Exercise objective: Your task is to retype, exactly, the line containing "Captain's Table restaurant" and every later line through the end of the listing, with pictures omitted.

Given data:
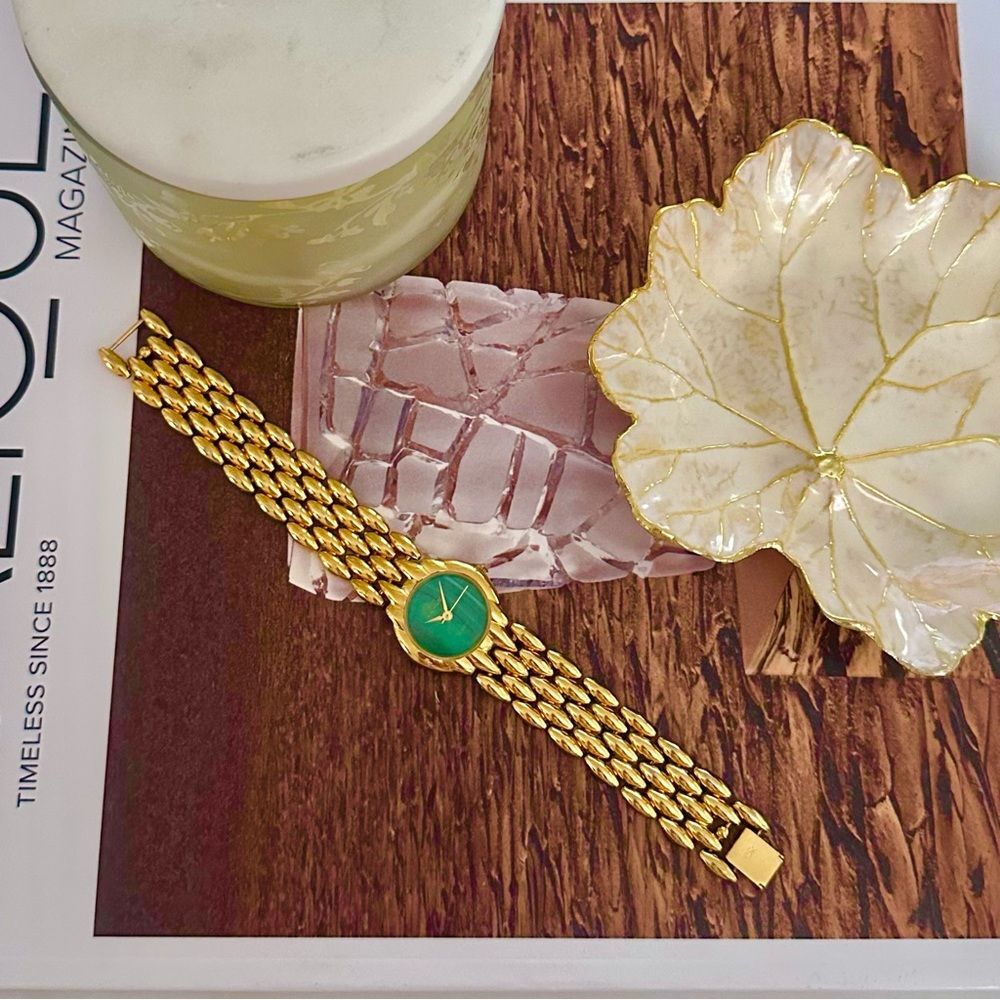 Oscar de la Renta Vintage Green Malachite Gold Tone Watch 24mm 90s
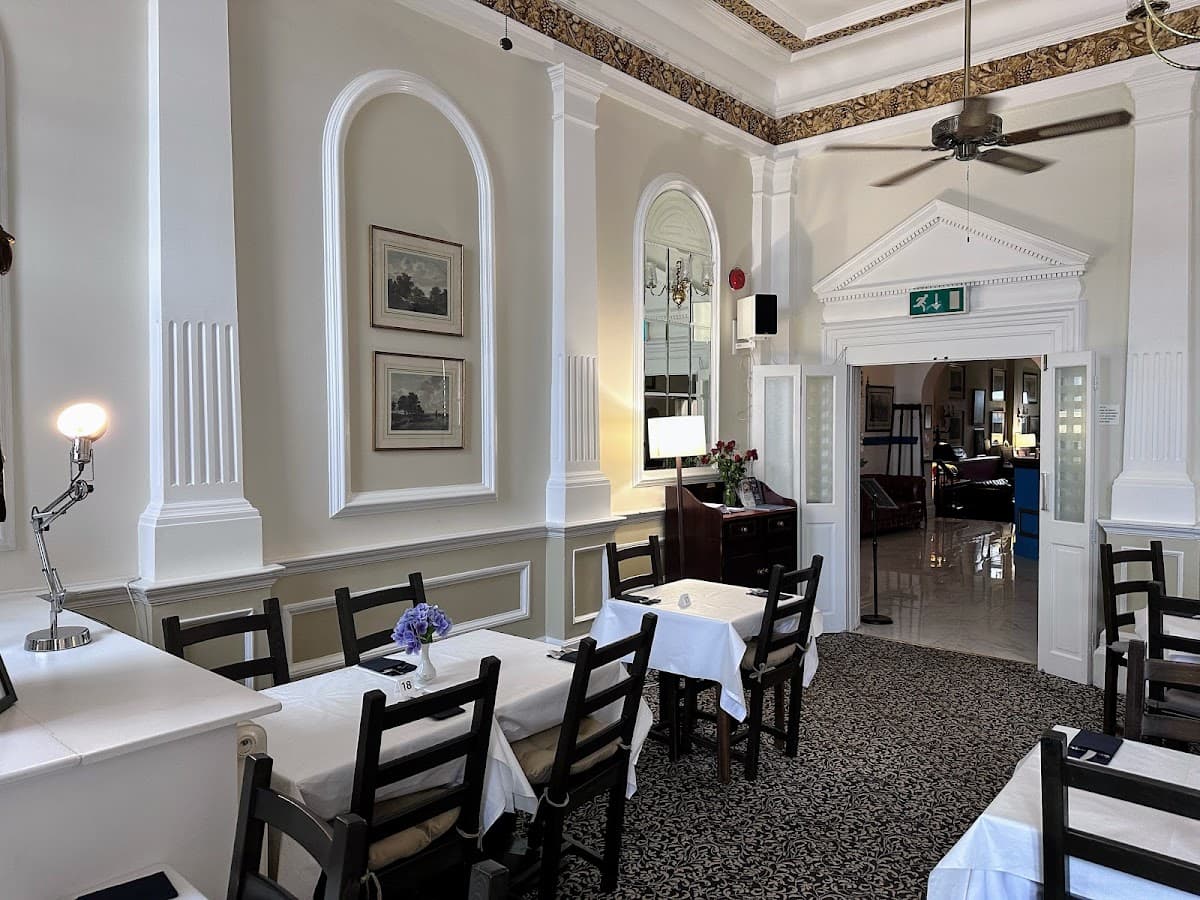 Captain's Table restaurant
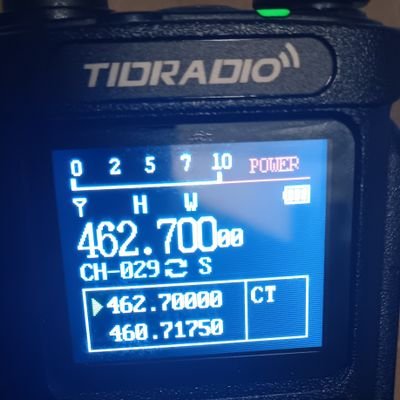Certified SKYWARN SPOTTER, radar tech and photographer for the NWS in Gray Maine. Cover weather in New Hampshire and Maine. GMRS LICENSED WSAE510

Response to this task:
 Captain's Table restaurant
Certified SKYWARN SPOTTER, radar tech and photographer for the NWS in Gray Maine. Cover weather in New Hampshire and Maine. GMRS LICENSED WSAE510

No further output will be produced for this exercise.